In order to build an equivalent $P'$, we expand the set of non-terminals $\Gamma$ of $P$ to $\Gamma' = \Gamma \times (\Gamma \cup \{ = \})$; we also expand the set of states $Q$ to $Q' = Q \times (\Gamma \cup \{*\})$
The double symbols in each "register" $r$ of the stack are used to store both the symbol at $r$ (left element) and to "override" the symbol at $r-1$ (right element):
<A,B> in P' is equivalent in P to A
<C,.> B
.... ....
<A,=> in P' is equivalent in P to A
<C,.> C
.... ....
If $P'$ is in state $\langle q_j,*\rangle$ it means that the "logic" top of the stack symbol that it should use is effectively the top of the stack; if it is in state $\langle q_j, A \rangle$ then the "logic" top of the stack is $A$ (and the real top should be ignored).
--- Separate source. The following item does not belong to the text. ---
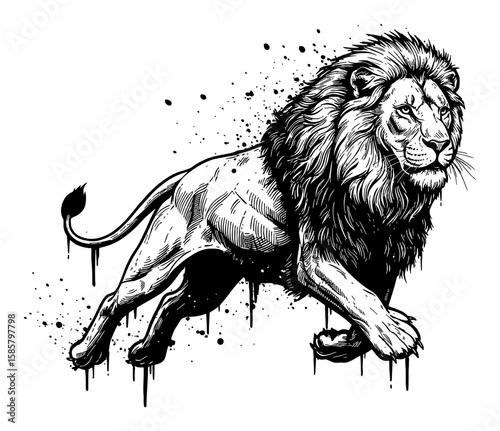 Lion Running Drip and Splat Abstract Surreal Paint Messy Style Deep Solid Black Black and White Outline Line Art Drawing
So the replace (ii) operation of $P$ can simply be stored in the internal state of $P'$:
$q_i, a, A \to q_j, B$ becomes
- $\langle q_i, * \rangle, a, \langle A,\cdot\rangle \to \langle q_j, B \rangle, \langle A,\cdot\rangle$
- $\langle q_i, A \rangle, a, \langle \cdot,\cdot\rangle \to \langle q_j, B \rangle, \langle \cdot,\cdot\rangle $
As soon as $P$ needs to PUSH $BC$ (iii), it can store $B$ in the right part of the pushed symbol (the "override" part):
$q_i, a, A \to q_j, BC$ becomes
- $\langle q_i, * \rangle, a, \langle A,\cdot\rangle \to \langle q_j, * \rangle, \langle A,\cdot\rangle \langle C,B\rangle$
- $\langle q_i, A \rangle, a, \langle \cdot,\cdot\rangle \to \langle q_j, * \rangle, \langle \cdot,\cdot\rangle \langle C,B\rangle $
The $P$ POP operation (i) can be simulated popping the current top and if it "overrides" the previous element, store it in the state:
$q_i, a, A \to q_j, \epsilon$ becomes
- $\langle q_i, * \rangle, a, \langle A,= \rangle \to \langle q_j, * \rangle, \epsilon$
- $\langle q_i, * \rangle, a, \langle A,B \rangle \to \langle q_j, B \rangle, \epsilon$
- $\langle q_i, A \rangle, a, \langle \cdot,= \rangle \to \langle q_j, * \rangle, \epsilon$
- $\langle q_i, A \rangle, a, \langle \cdot,B \rangle \to \langle q_j, B \rangle, \epsilon$
***ADDENDUM 2
The above proof could be highly simplified, because:
- the PDA derived from the quadratic Greibach Normal form needs only one state (provided that the acceptance condition is the empty stack at the end of the input);
- $P'$ could simply store the TOP of the stack in its internal state (there is no need to use $\Gamma' = \Gamma \times Gamma$
as soon as I have some free time I'll update the answer.